Nada detiene el ingreso ilegal

Ni el muro ni los agentes de la Patrulla Fronteriza (Border Patrol) detiene a los indocumentados deportados de Estados Unidos.

Parece una "broma"

DENVER - La seguridad fronteriza, que incluye la construcción de un muro y el aumento de agentes, resulta ser sólo un obstáculo para algunos indocumentados que, a pesar de haber sido deportados en varias ocasiones, logran ingresar nuevamente al país.

Para Stan Perea, fundador de New America Consulting Group y experto en demografía hispana, "la deportación, especialmente de mexicanos, es una broma".

"Lo único que el gobierno hace es pagarles la mitad del pasaje para ir a visitar a sus familiares. La gente que quiere trabajar para mantener a sus familias siempre va a encontrar la manera de cruzar la frontera", declaró.
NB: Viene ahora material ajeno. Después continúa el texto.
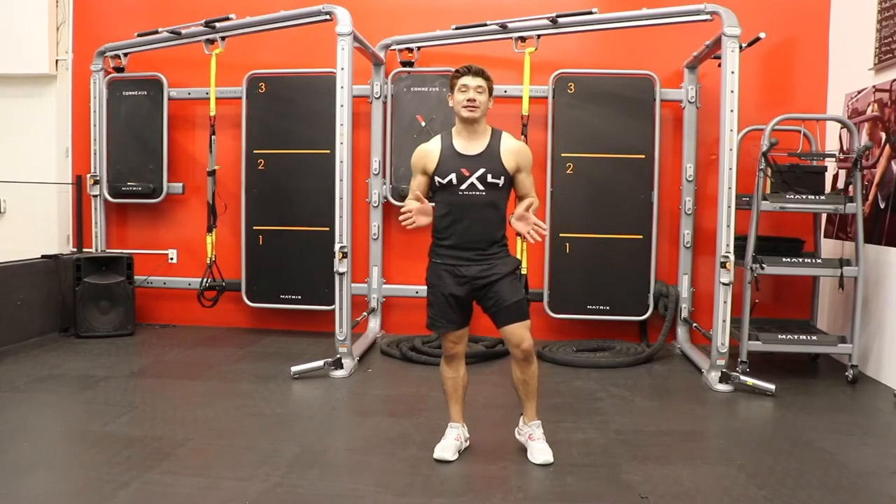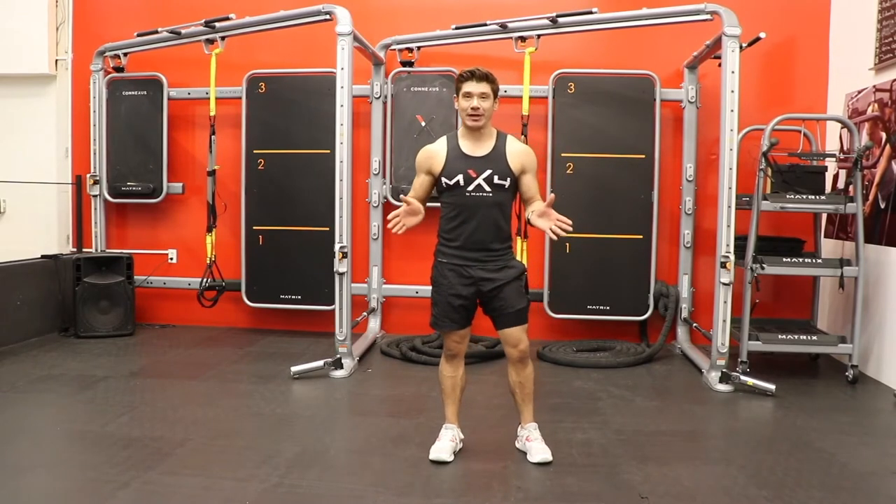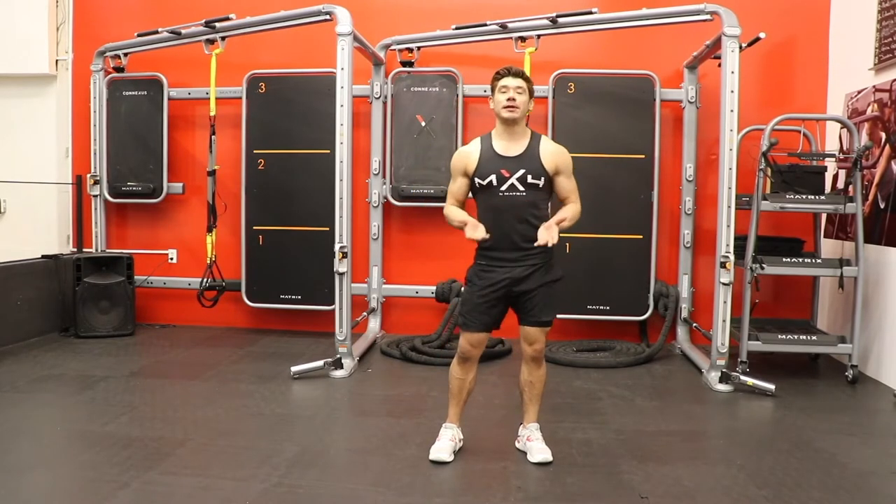Hi, I'm Iron Man with Master Train. Today I'm going to show you a simple routine you can do at home. Exercise includes stretching and body control. Let's begin with a training square part.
El caso más reciente es el de Israel Robles Gaytán, de 22 años, arrestado el pasado 18 de febrero en el condado Eagle, en el oeste de Colorado por una infracción de tránsito y por transportar a 12 presuntos indocumentados.

Según Shannon Cordingly, portavoz del Alguacil de ese condado, Gaytán ya había sido deportado en 14 ocasiones.

Deportado 8 veces

En el mismo condado, el 16 de febrero los alguaciles detuvieron a Arturo Tellez Salazar, por conducir una camioneta con placas temporales ilegibles.

Cordingly indicó que Salazar transportaba a una familia de inmigrantes, aparentemente indocumentados, que viajaban desde Arizona hasta Denver a buscar trabajo.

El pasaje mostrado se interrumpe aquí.